---
title: "Messaging & Event Streaming"
tags: [messaging, kafka, sqs, sns, pub-sub, event-streaming, dlq, queues]
difficulty: medium
estimated_time: 25min
---
## Overview
Messaging systems decouple producers from consumers, enabling async processing, load leveling, and
fault tolerance. There are two primary models: message queues (point-to-point) and pub/sub
(fan-out). Understanding when to reach for each — and which technology backs it — is essential
for any distributed system design.
Message queues (SQS, RabbitMQ) deliver each message to exactly one consumer. A producer enqueues
a message; a consumer polls, processes, and deletes it. If processing fails, the message becomes
visible again after the visibility timeout and gets retried. After a configurable number of retries
the message moves to a Dead Letter Queue (DLQ) for inspection. Queues provide at-least-once
delivery — consumers must be idempotent.
Pub/sub (SNS, Google Pub/Sub) delivers each message to all subscribers of a topic. A single
publish fans out to N subscribers simultaneously — useful for triggering multiple independent
workflows from one event (e.g., an order event triggers inventory, billing, and notification
services). SNS → SQS fan-out is a common pattern: SNS fans out, each downstream service has its
own SQS queue for buffering and independent scaling.

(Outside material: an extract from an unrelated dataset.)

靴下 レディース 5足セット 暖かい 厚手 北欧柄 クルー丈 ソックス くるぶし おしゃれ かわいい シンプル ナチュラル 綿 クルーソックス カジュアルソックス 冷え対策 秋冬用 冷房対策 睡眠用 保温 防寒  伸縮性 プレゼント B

Kafka is a distributed log, not just a queue. Messages are persisted to disk with configurable
retention (days, weeks, forever). Consumer groups track their own offset — multiple independent
consumers can read the same stream without interfering. Kafka excels at high-throughput event
streaming, audit logs, CDC (change data capture), and any use case requiring replay. The
tradeoff: operational complexity and higher baseline cost than managed queues.
## When to Use
- **SQS Standard**: async task offloading, decoupling microservices, work queues (image
processing, email sending, report generation).
- **SQS FIFO**: ordered processing (financial transactions, state machines) — 3,000 msg/s
throughput limit; higher cost.
- **SNS**: fan-out to multiple subscribers, sending push notifications (mobile, email, SMS).
- **Kafka**: high-throughput event streams, audit logs, CDC pipelines, event sourcing,
stream processing (Flink, Spark Streaming), any case needing replay or multiple consumers.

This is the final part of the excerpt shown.